Uproar over premature halt to PPSMI policy


  • Nation
  • Sunday, 05 Jan 2014

PETALING JAYA: Anguished parents cried foul over the soft landing approach to the PPSMI (teaching of Science and Maths in English) policy that has come to an abrupt halt in many schools.

Malacca Action Group for Parents in Education (Magpie) chairman Mak Chee Kin said teachers from several schools in the state had been told not to continue teaching Maths and Science in English by trainers from the Education Ministry.

“The teachers were informed by the trainers that since Science and Maths will be assessed in Bahasa Malaysia under PBSMR (Pentaksiran Berasaskan Sekolah Menengah Rendah) starting this year, there was no need to continue teaching the subjects in English,” he said during a protest organised by Association of Parents and Individuals towards Revising the Education System.

A circular released by the ministry dated Dec 13 last year stated that there would be a bilingual written test for Science and Maths under PBSMR, the school-based assessment introduced to replace the Penilaian Menengah Rendah examination.

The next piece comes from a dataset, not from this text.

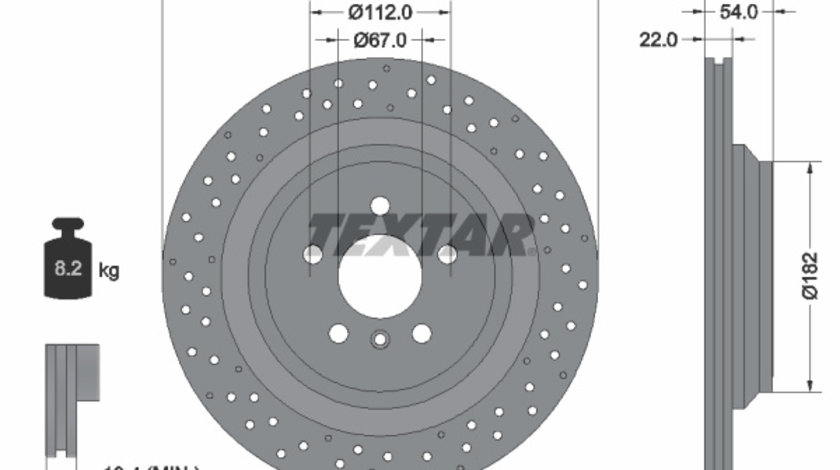 Disc frana puntea spate (92283703 TEXTAR) BRABUS,MERCEDES-BENZ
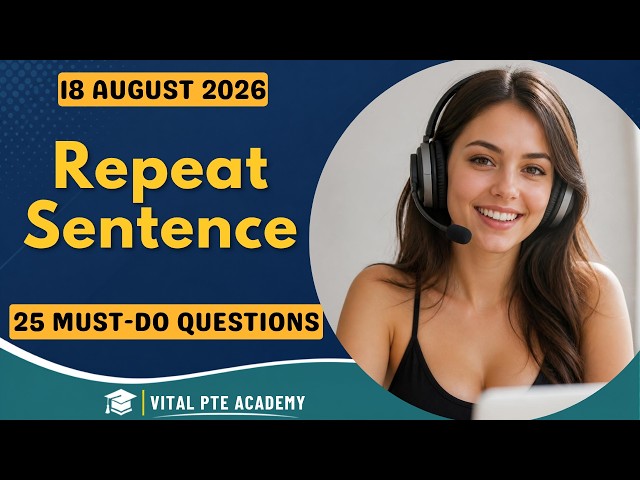 PTE Repeat Sentence August 2026 | Real Practice Questions | Score 90+ Fast 4K Ultra HD Video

In 2009, the Education Ministry announced the withdrawal of the PPSMI policy although both subjects would be taught in English and Bahasa Malaysia until 2020, when the final batch of students involved in the policy completed their secondary education.

 
Parents making their stand against the PPSMI policy in Petaling Jaya.

Mak also claimed that Science and Mathematics textbooks in English were not replenished causing a shortage in schools.

“It’s not a soft landing, it’s a sharp landing. Parents feel cheated and deceived by the Education Ministry,” Mak said during the gathering with a turnout of over 30 parents.

Parent Action Group for Education (Page) chairman Datin Noor Azimah Abdul Rahim urged parents to bring up the matter with the school principals if they were not given the option of letting their children learn Science and Maths in English.

“As far as PPSMI is concerned, soft landing is a perennial problem where there are school principals who do not allow the subjects to be taught in English.

“This is insubordination to the order by the ministry.

“If there are parents and students who want English, the principal has to abide by that, the principal cannot make decisions on behalf of parents and students, there must be consultation involved,” said Noor Azimah.

She revealed that parents from several schools in the Klang Valley had complained about the soft landing issue.